When we are young, we seem to take things for granted; including friendships, and as time goes by, we move down our own separate paths and lose touch. Perhaps reaching a certain age and although feeling the keen sense of loss, one is able to appreciate how fortunate they are to have known for a short, wonderful time, a very special person who was an unforgettable presence in their life. I feel very fortunate indeed.

Shawn Miller

Ted put up with my antics for over 30 years, (this is no small feat, just ask Vivi).
When I brazenly forced myself into the Lewis family by befriending his youngest daughter, Megan. I formed a unique relationship with both Ted and Viv over the years that I will forever cherish.
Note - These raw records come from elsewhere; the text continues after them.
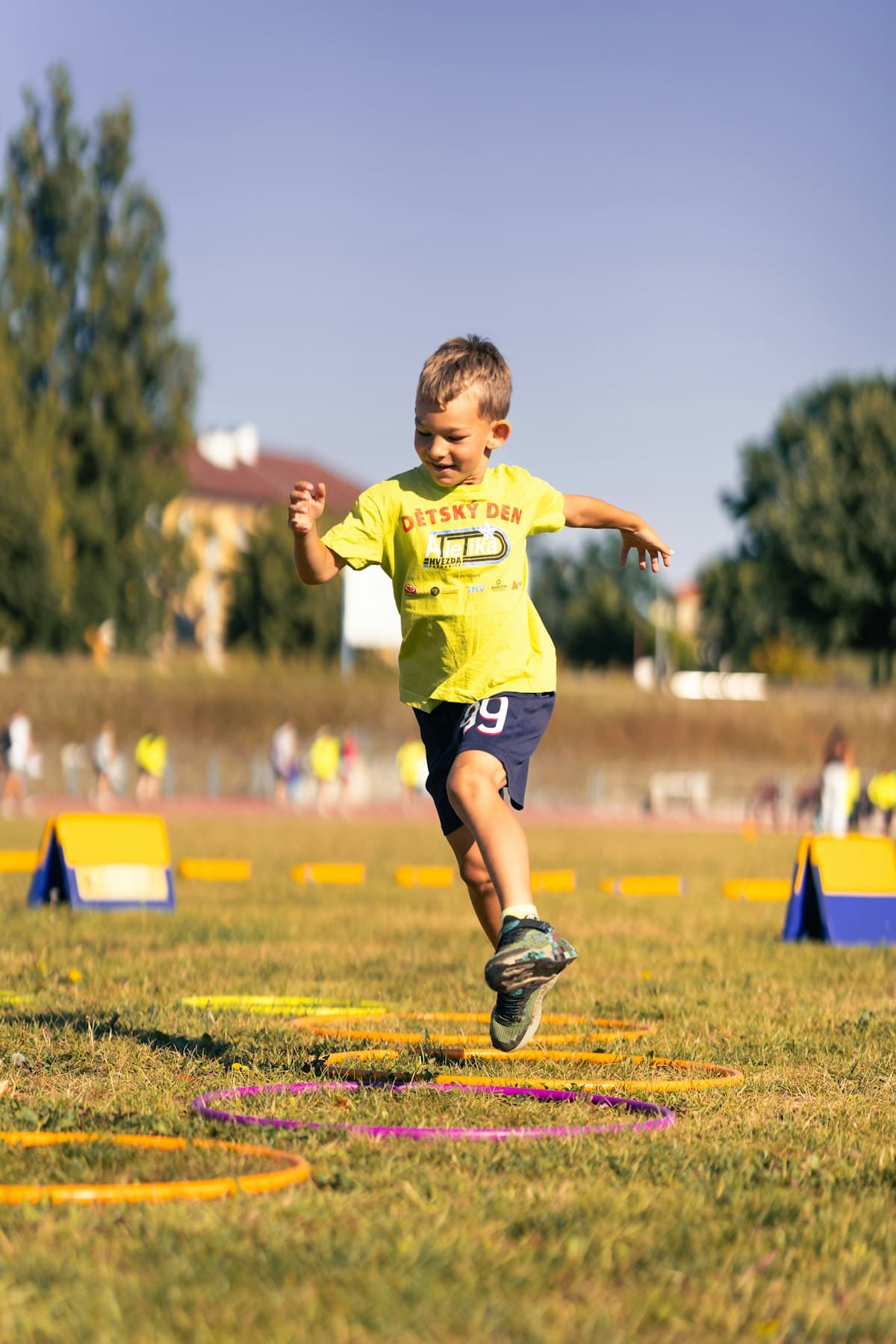 Young boy jumping through hoops during outdoor activity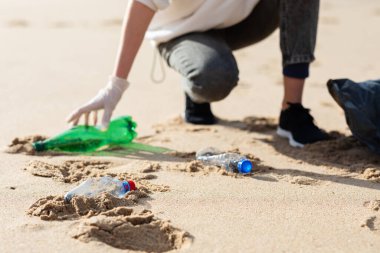 Volunteer woman picking plastic bottles into trash plastic bag for cleaning the beach and coastal zone, cleaning up garbage. Ecology concept and World Environment Day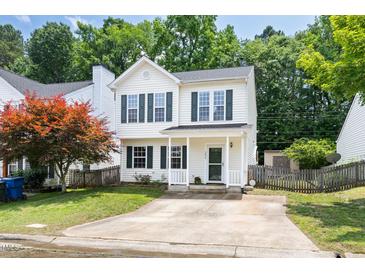 Charming two-story home featuring white siding, green shutters, and a well-manicured front lawn at 3634 Ranbir Dr, Durham, NC 27713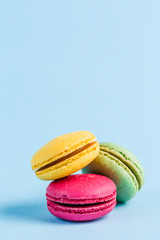 Colorful macaroons on a blue background, close-up, Flatley with copy space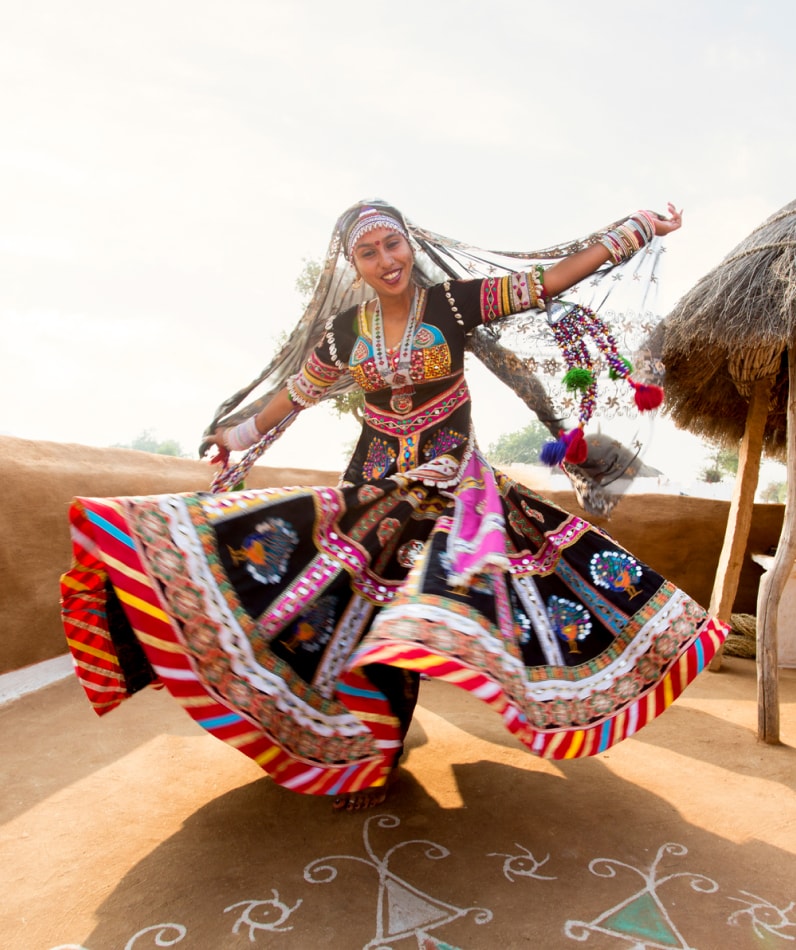 A girl dancing at a festival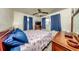 Bedroom featuring blue accents, natural light, a ceiling fan and wood furnishings at 6310 Lake Underhill Rd, Orlando, FL 32807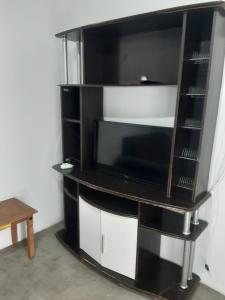 een zwart entertainmentcentrum met een flatscreen-tv bij Kitnet em Matinhos PR in Matinhos
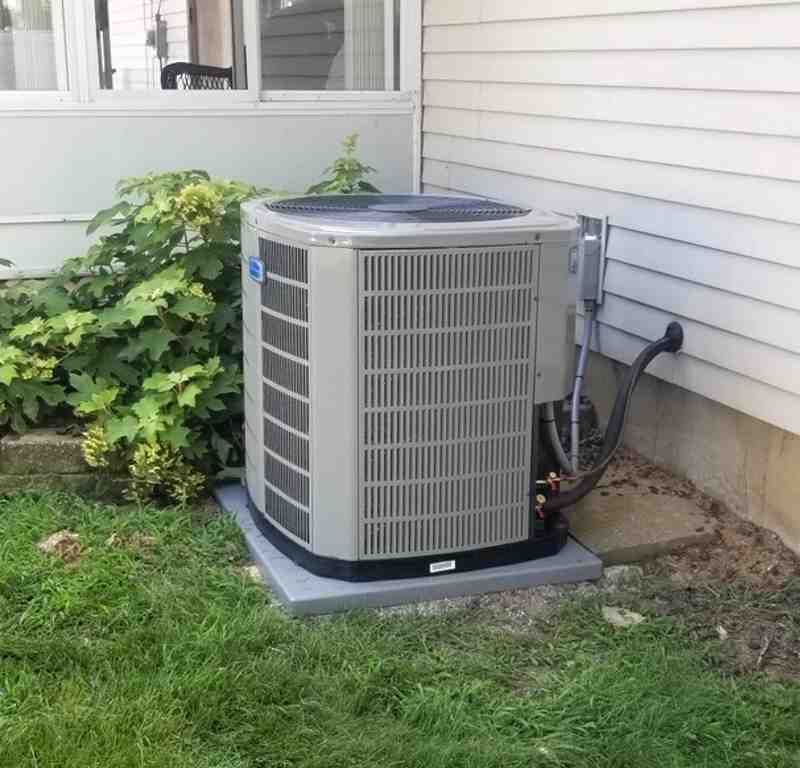American Standard heat pump unit outside a modern home - American Standard Heating & Cooling American Standard heat pump unit outside a modern home - American Standard Heating & Cooling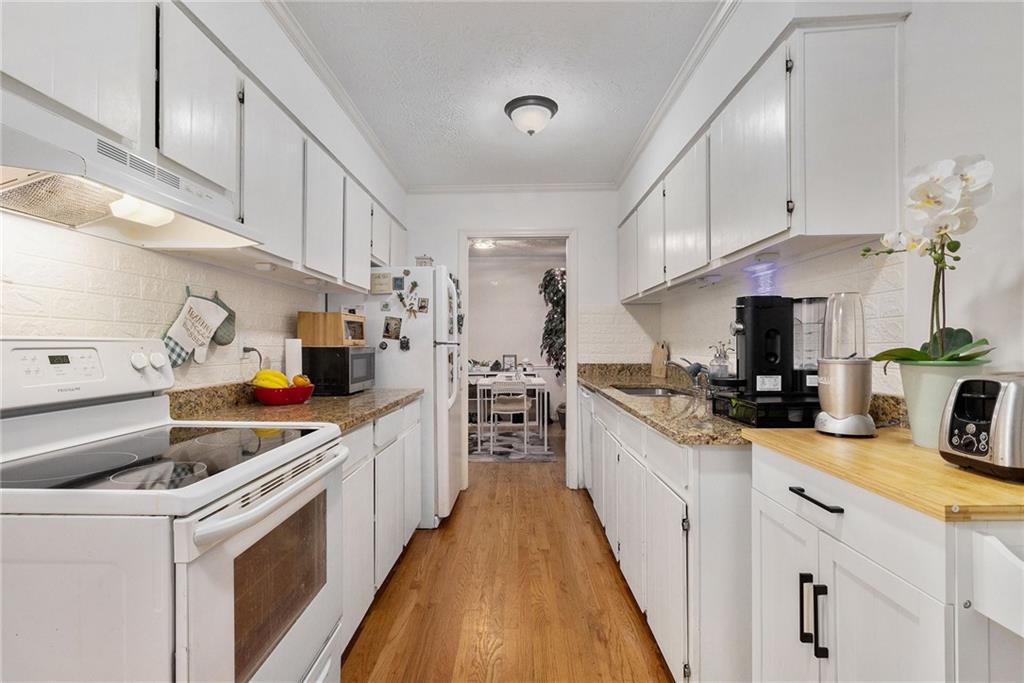 725 Dalrymple Road, Unit 3H Atlanta, GA 30328 - Photo 8 of 17 a kitchen with a sink a stove and cabinets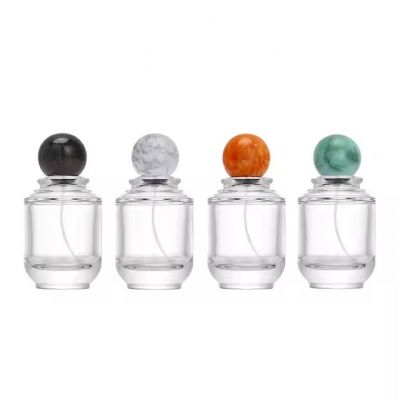 Luxury 100ml Round Cylinder Transparent Spray Glass Perfume Bottle Empty Unique Press Type Perfume Bottles With Resin Ball Caps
I was lucky enough to have some time with Ted near the end of his earthly journey and was able to thank him for his support and emphasize just how many people he was able to affect in a positive manner, in his unique way, and the impact that he had on my life directly, inarguably changing it for the better. I am very glad that I had the opportunity to tell him this and remind him that there were countless others who felt the same way.
Every once in a while, I was able to get him to laugh uncontrollably. As much pleasure as this gave me, and as much as I will miss that laugh, I take comfort in knowing that his pain is no more, and his soul is at peace.
Your greatest teachings will live on through your family, Ted. And even me too.